WORK INSTRUCTION —
The data below holds a line containing "Rachid en de" and a line containing "Aiesi lancette pungidito"; please quote exactly those two lines and every line between them, and nothing else.

SUPPLIED ENTRIES —
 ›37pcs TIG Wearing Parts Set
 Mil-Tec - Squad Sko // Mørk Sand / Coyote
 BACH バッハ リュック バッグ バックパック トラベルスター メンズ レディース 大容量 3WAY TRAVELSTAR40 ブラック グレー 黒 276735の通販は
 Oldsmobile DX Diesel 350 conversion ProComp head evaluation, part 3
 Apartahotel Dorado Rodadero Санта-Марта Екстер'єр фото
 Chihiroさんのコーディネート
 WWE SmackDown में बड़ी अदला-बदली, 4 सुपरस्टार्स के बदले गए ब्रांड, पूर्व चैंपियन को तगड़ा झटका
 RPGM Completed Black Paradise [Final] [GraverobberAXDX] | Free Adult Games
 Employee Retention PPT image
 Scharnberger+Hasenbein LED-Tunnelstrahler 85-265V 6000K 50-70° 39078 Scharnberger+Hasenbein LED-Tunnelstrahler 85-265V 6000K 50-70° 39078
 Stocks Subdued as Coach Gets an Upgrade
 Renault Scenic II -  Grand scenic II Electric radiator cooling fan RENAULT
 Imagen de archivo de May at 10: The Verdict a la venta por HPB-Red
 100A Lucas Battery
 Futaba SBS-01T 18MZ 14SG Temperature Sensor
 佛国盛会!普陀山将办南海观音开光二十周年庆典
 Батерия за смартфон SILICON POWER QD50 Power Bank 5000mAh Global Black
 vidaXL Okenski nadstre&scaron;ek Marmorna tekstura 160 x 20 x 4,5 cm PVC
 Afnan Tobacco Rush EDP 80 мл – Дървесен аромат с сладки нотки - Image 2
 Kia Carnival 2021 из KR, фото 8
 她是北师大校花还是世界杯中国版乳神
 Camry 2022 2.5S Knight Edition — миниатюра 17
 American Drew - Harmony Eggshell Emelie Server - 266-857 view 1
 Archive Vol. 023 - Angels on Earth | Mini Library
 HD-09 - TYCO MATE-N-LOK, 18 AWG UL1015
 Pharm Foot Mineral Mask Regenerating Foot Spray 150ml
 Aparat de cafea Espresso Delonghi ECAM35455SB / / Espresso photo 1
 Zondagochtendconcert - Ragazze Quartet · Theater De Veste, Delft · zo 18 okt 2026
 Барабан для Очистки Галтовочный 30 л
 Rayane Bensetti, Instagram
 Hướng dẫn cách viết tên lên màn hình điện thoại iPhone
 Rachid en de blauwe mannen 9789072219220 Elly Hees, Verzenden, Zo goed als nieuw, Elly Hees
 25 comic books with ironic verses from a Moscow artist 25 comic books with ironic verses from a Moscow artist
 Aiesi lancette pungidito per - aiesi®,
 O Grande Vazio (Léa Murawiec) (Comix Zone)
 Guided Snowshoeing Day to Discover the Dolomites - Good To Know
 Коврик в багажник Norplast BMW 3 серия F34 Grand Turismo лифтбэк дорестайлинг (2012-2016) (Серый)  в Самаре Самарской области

ANSWER BELOW —
 Rachid en de blauwe mannen 9789072219220 Elly Hees, Verzenden, Zo goed als nieuw, Elly Hees
 25 comic books with ironic verses from a Moscow artist 25 comic books with ironic verses from a Moscow artist
 Aiesi lancette pungidito per - aiesi®,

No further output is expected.